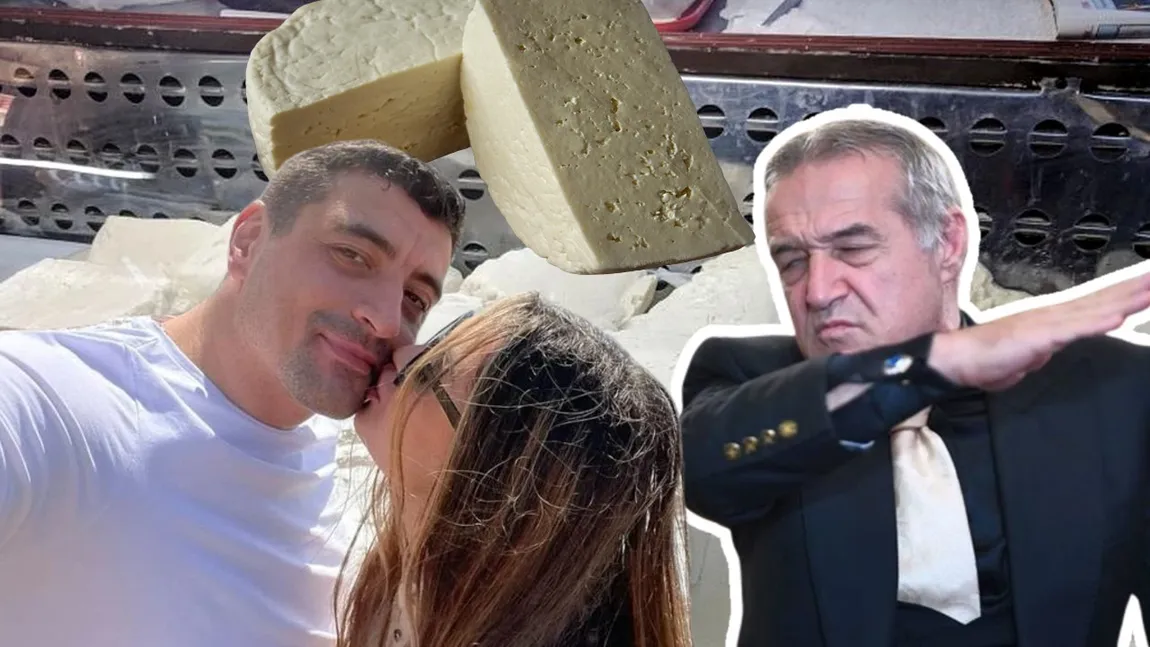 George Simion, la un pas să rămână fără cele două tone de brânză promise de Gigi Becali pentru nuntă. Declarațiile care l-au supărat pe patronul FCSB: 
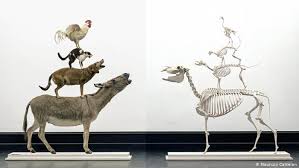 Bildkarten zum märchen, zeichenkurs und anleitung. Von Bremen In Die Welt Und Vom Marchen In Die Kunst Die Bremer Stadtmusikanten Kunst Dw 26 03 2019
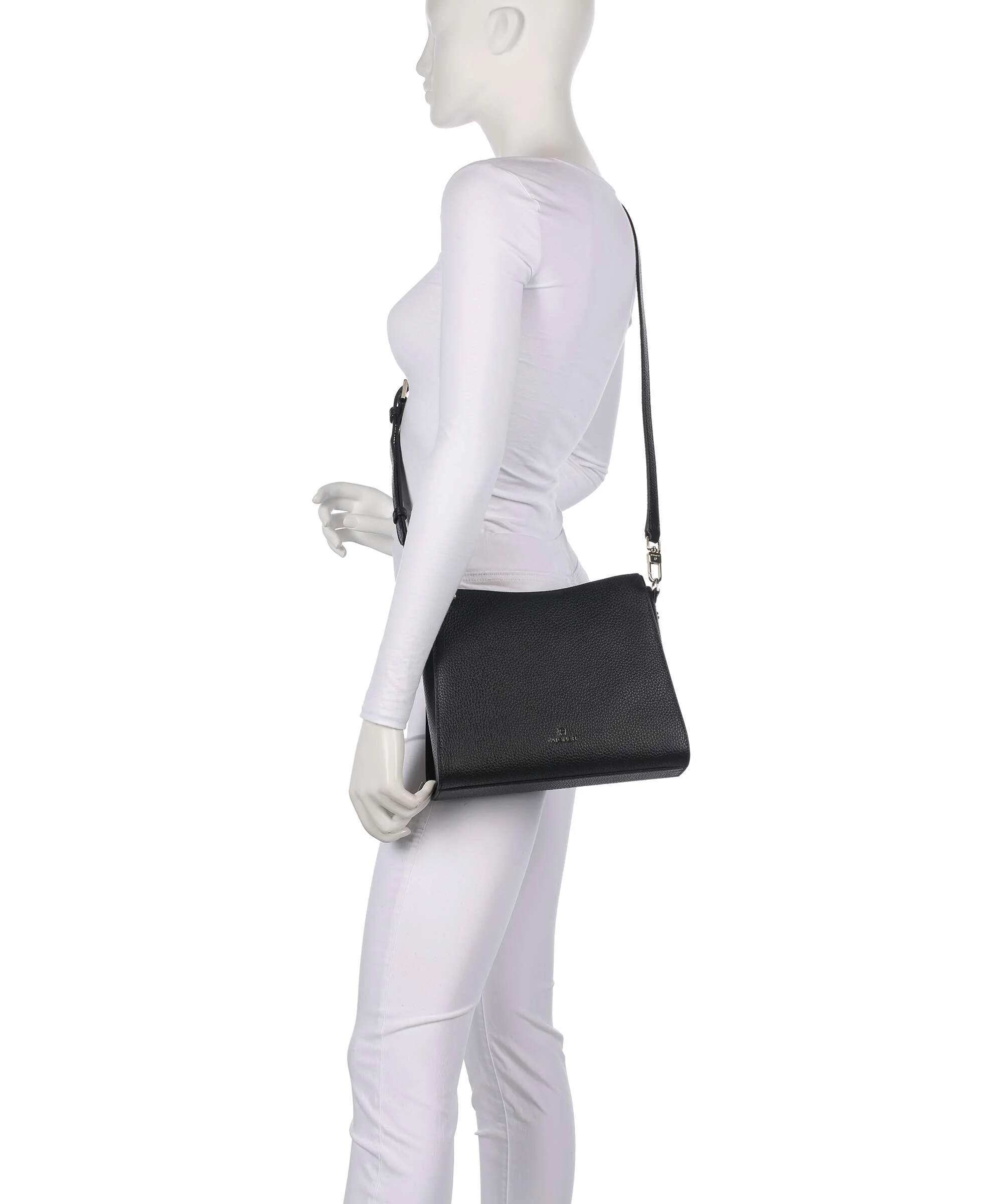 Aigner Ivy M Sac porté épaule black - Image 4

——

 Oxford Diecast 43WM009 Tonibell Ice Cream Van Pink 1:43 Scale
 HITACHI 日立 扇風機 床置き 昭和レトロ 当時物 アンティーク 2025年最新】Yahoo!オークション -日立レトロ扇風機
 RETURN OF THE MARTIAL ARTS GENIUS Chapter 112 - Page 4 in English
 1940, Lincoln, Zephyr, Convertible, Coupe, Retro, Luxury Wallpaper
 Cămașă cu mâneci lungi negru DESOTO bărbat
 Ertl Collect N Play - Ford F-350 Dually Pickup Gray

——

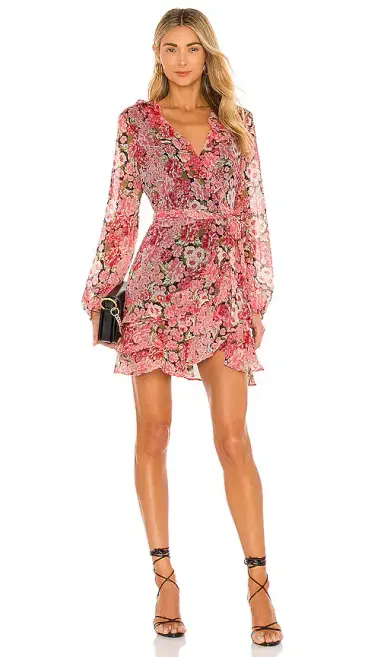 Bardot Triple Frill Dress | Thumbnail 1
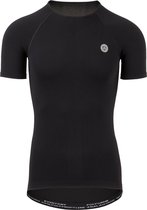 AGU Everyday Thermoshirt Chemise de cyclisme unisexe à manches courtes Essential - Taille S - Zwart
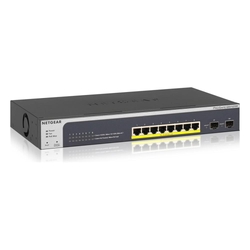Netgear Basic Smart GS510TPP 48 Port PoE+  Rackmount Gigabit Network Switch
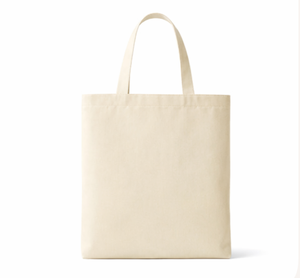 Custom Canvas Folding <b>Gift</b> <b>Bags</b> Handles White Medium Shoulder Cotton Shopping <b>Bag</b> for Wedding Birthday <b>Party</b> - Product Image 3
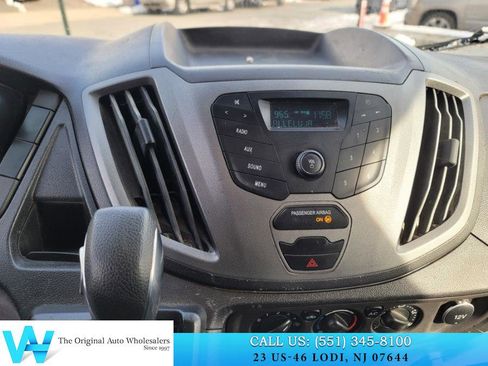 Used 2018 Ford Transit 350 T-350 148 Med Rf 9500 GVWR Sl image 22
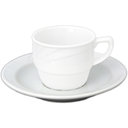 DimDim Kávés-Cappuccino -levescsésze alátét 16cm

——

### [Exercise details]
Now transcribe the lines above exactly, starting at the line containing "Bardot Triple Frill Dress | Thumbnail 1" and ending at the line containing "DimDim Kávés-Cappuccino -levescsésze", both lines included, pictures excluded.

### [Written reply]
 Bardot Triple Frill Dress | Thumbnail 1
 AGU Everyday Thermoshirt Chemise de cyclisme unisexe à manches courtes Essential - Taille S - Zwart
Netgear Basic Smart GS510TPP 48 Port PoE+  Rackmount Gigabit Network Switch
 Custom Canvas Folding <b>Gift</b> <b>Bags</b> Handles White Medium Shoulder Cotton Shopping <b>Bag</b> for Wedding Birthday <b>Party</b> - Product Image 3
 Used 2018 Ford Transit 350 T-350 148 Med Rf 9500 GVWR Sl image 22
 DimDim Kávés-Cappuccino -levescsésze alátét 16cm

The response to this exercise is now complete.